[WHAT THE TASK ASKS]:
Take nothing but the lines from the one with "Men's Polo Golf" through the one with "Practical Cold Piece" in the entries below, both ends kept, and return them exactly with pictures left out.

[RECORDS FOR THE TASK]:
- - - -

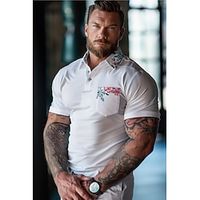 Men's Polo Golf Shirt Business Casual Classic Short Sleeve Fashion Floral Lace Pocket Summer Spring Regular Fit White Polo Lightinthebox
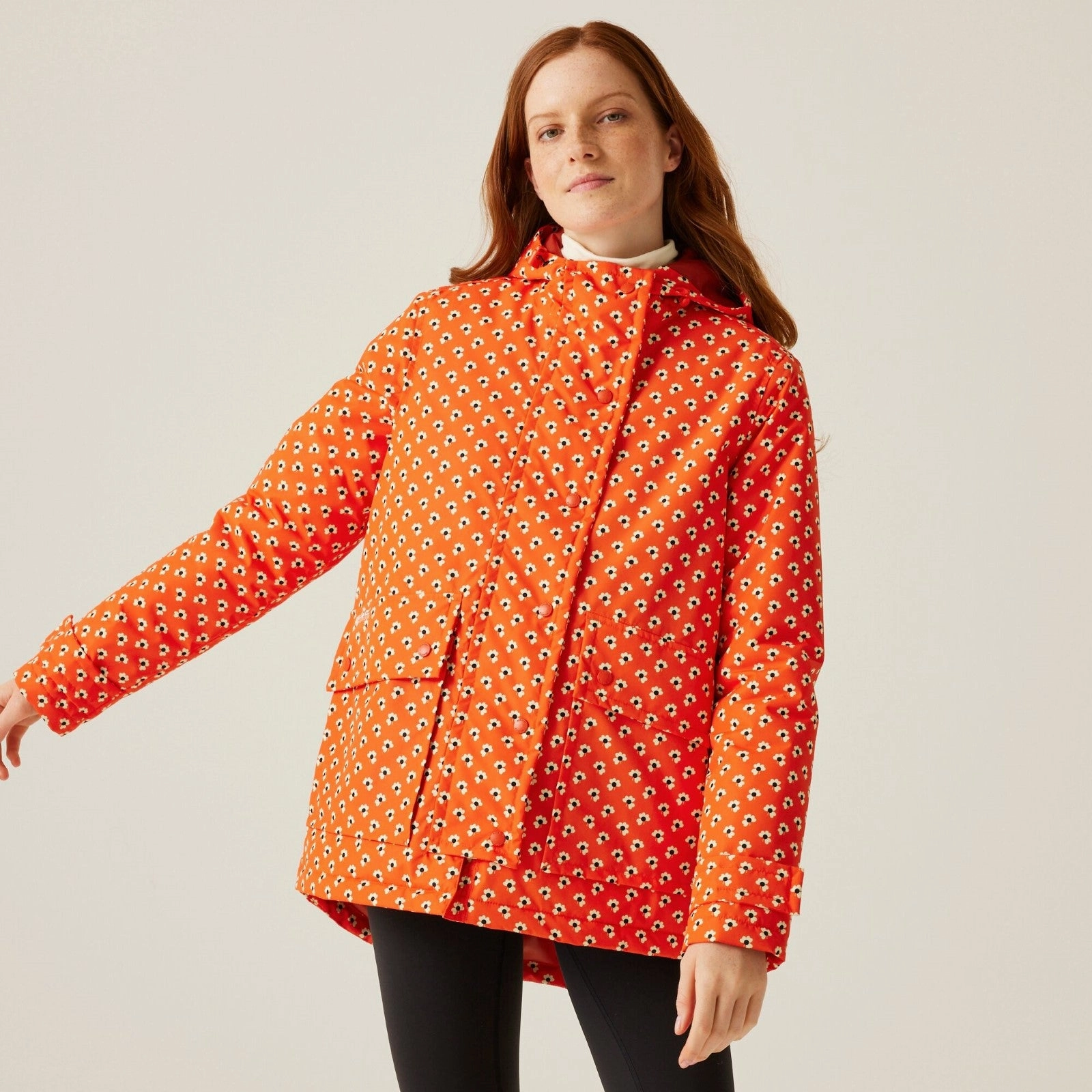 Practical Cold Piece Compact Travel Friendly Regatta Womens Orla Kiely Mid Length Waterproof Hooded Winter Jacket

- - - -

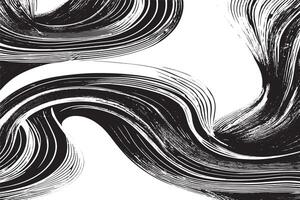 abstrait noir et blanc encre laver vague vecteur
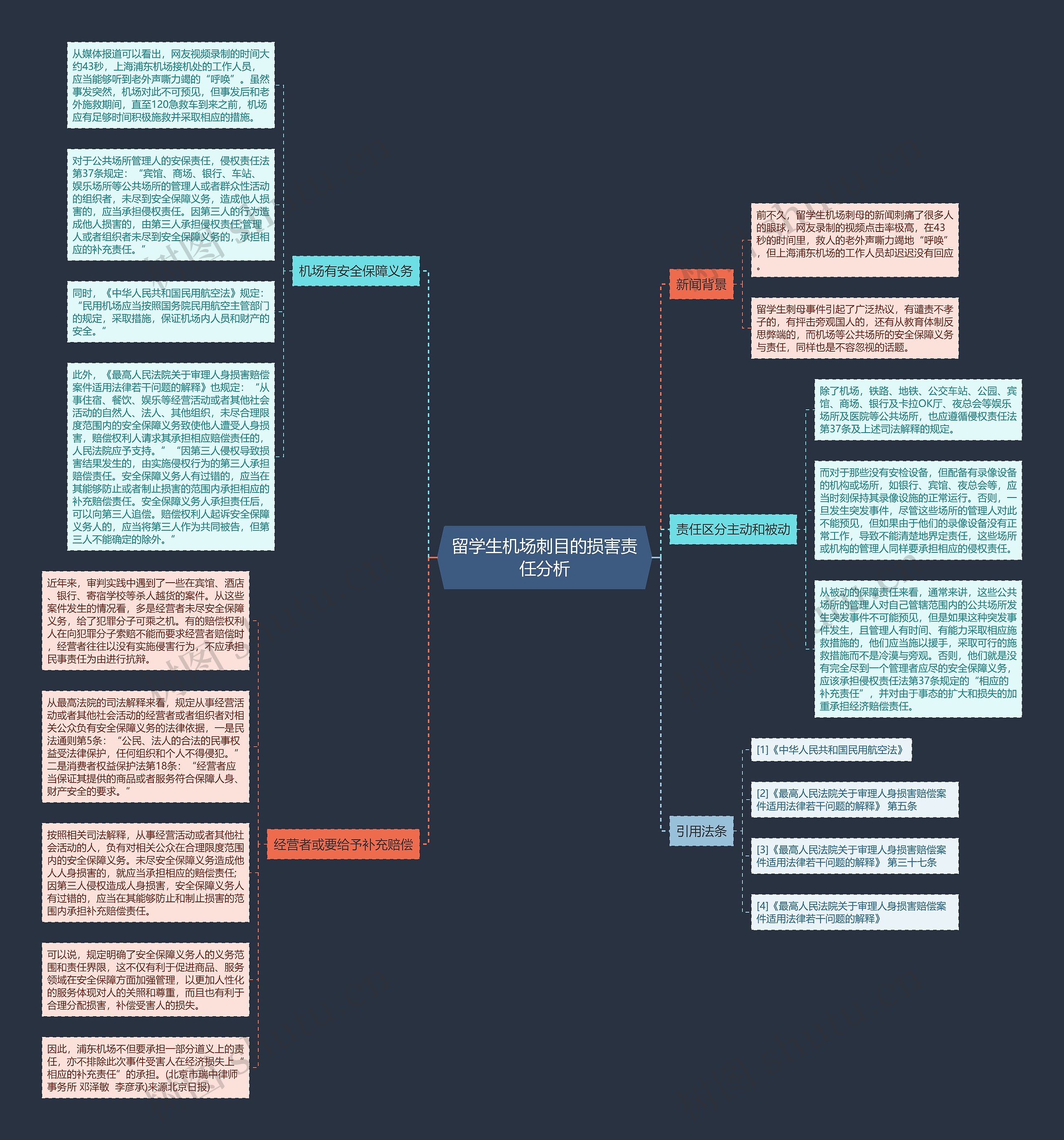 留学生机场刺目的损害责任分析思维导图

- - - -

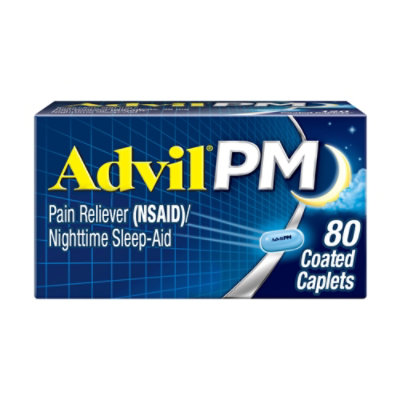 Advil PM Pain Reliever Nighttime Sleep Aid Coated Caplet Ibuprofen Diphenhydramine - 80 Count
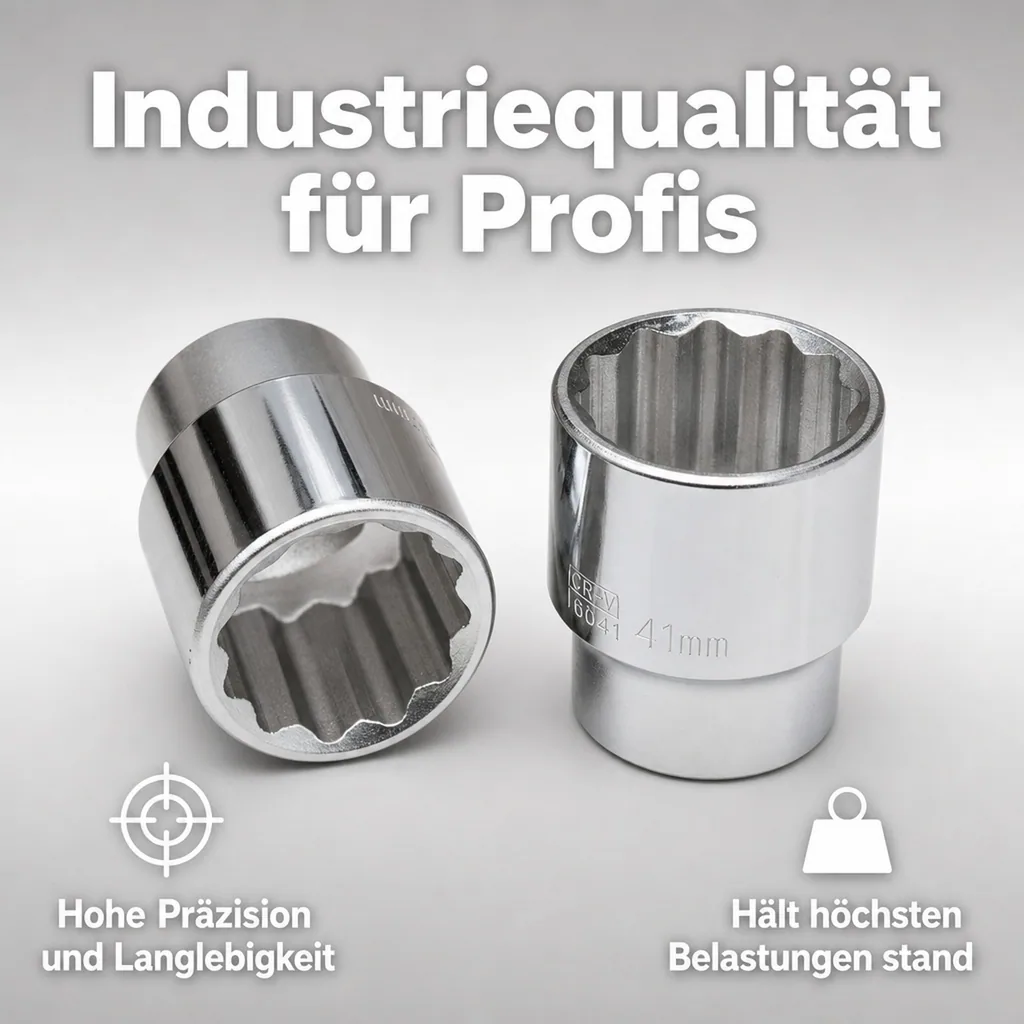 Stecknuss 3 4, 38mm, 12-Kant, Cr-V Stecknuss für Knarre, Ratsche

- - - -

[EXPECTED ANSWER]:
 Men's Polo Golf Shirt Business Casual Classic Short Sleeve Fashion Floral Lace Pocket Summer Spring Regular Fit White Polo Lightinthebox
 Practical Cold Piece Compact Travel Friendly Regatta Womens Orla Kiely Mid Length Waterproof Hooded Winter Jacket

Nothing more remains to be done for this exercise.